New Year's Eve: The World Welcomes 2012

People around the world are celebrating the start of the New Year, bidding farewell to 2011 and welcoming the start of 2012.

In Australia, more than a million people crowded along the shores of Sydney's harbor, to watch a midnight fireworks extravaganza over Harbour Bridge.

Sydney's firework display is often one of the world's most iconic celebrations. This years display was created to remind Australians that although 2011 has been tough there are better times ahead, with some of the fireworks designed to explode in the shape of a cloud, because "every cloud has a sliver lining".

An hour earlier in New Zealand, thousands of Kiwis took to the streets of Auckland to watch the firework display centered around the city's Sky Tower.

However the capital Wellington was was hit by torrential rain and thunderstorms which forced the cancellation of firework displays.

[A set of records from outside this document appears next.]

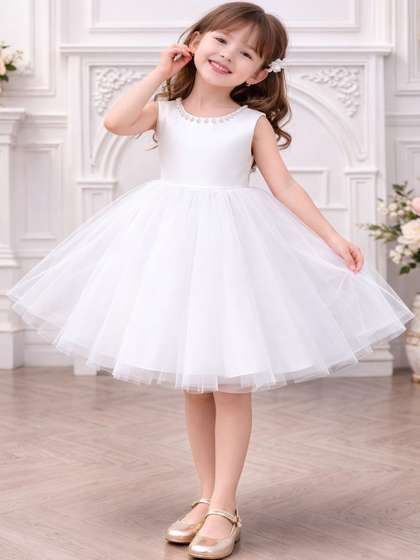 DELIMA FASHION Girls Net
                    Fit & Flare Satin Dress
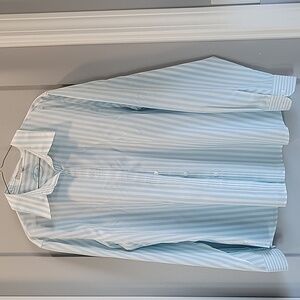 Women's Light Blue Striped Button Down Shirt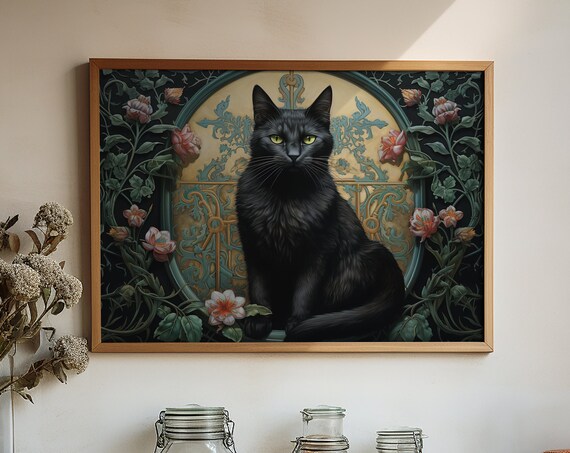 Black Cat Before Golden Arched Doorway with Ivy Flowers Poster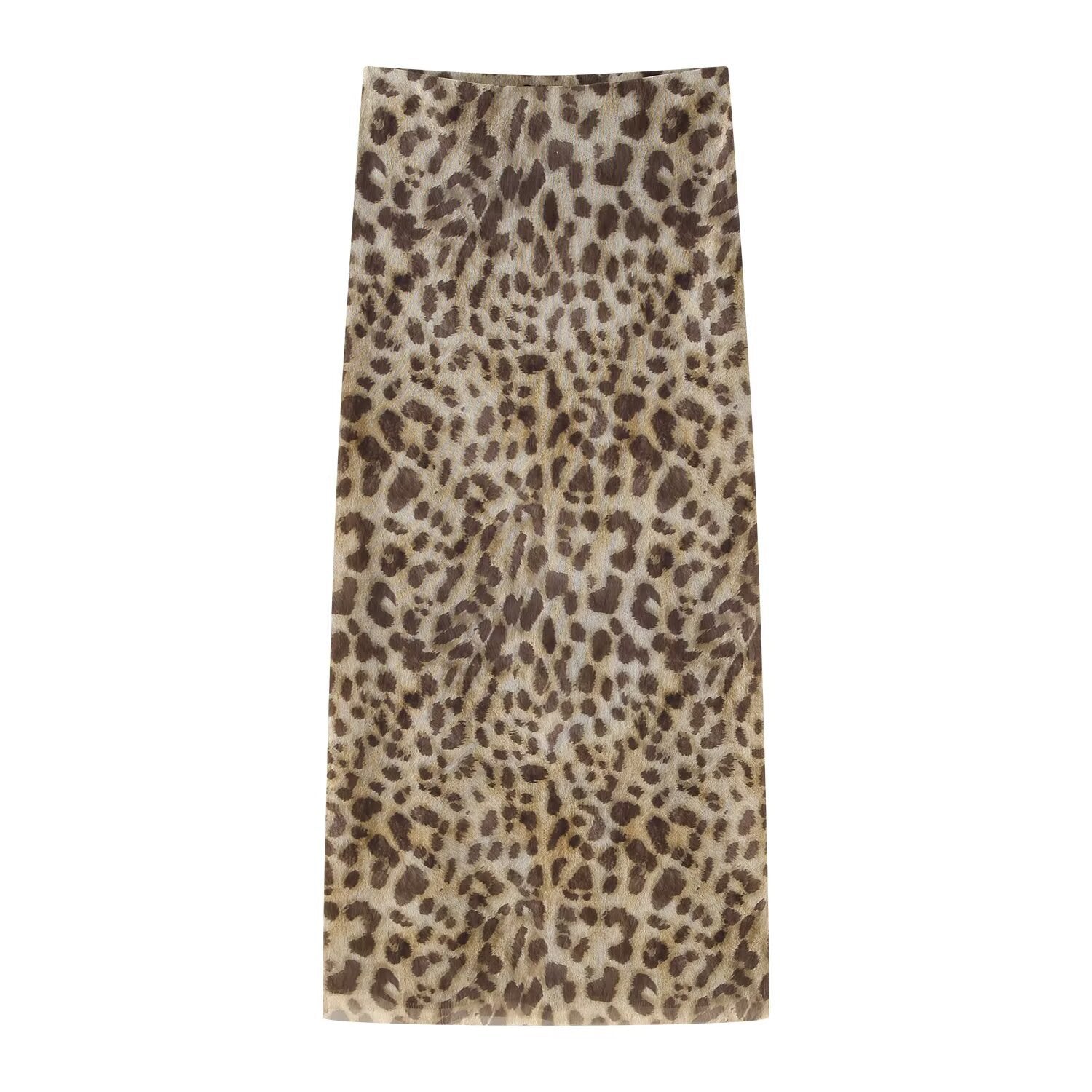 Women's Animal Print Mesh Strapless Top + Skirt Set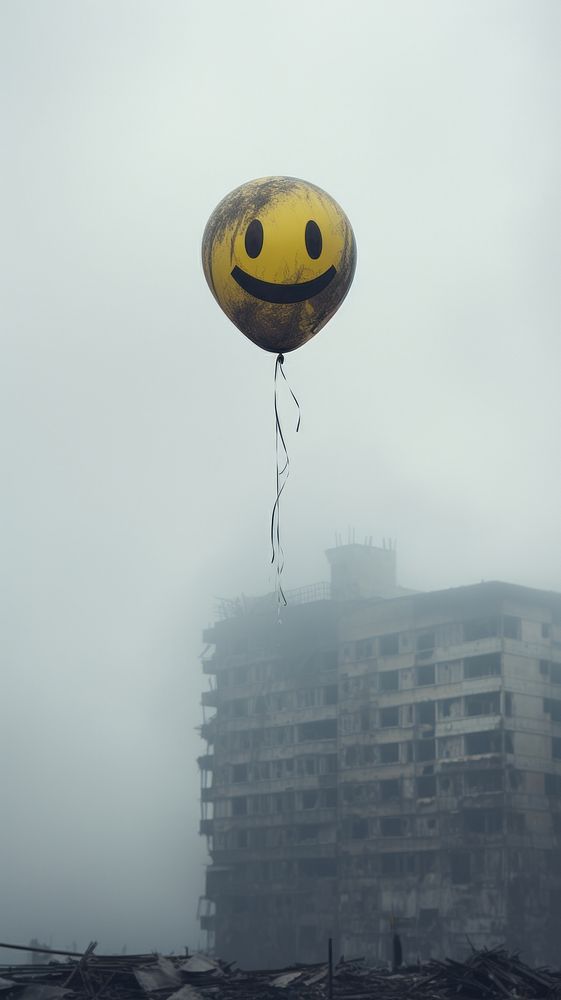 Smiley balloon floating city outdoors transportation. AI generated Image by rawpixel.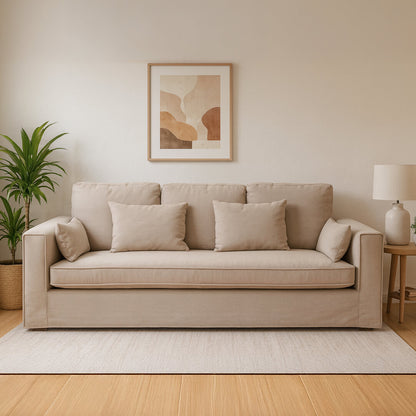 Siena 3 Seat Grey Fabric Sofa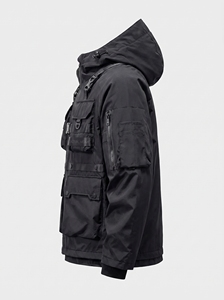 Custom Hooded Winter <b>Techwear</b> <b>Jacket</b> Men Waterproof Windproof Tactical Streetwear with Multiple Pockets | Crescent Wear - Product Image 2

In Hong Kong a firework display worth £1m lit up the city's glittering skyscrapers, with the towering International Finance Centre the focus.

The first country to welcome 2012 was the Pacific island of Samoa. Revelers on the island nation cheered with extra excitement this year as, having changed their time zone, they became the first rather than the last to great the New Year.

The move is aimed at strengthening trade ties with Australia, New Zealand and Asia.

When the clock stuck midnight on 29 December, Samoa skipped 30 December and moved straight to New Years Eve, 31 December.

The move across the dateline comes 119 years after US traders persuaded Samoa to align its times with the US-controlled American Samoa as well as the US in order to enable trading links with California.

In London officials expect 250,000 to line the banks of the Thames to welcome the New Year with an 11 minute firework display centered around the London Eye.

While in Berlin around a million people are expected to have gathered near the landmark Brandenburg Gate to usher in 2012. At the same time Parisians can expect to watch the Eiffel Tower explode with fireworks.

And in New York celebrating Americans are expected to flood into Time Square to watch the traditional ball drop and a performance from pop superstar Lady Gaga.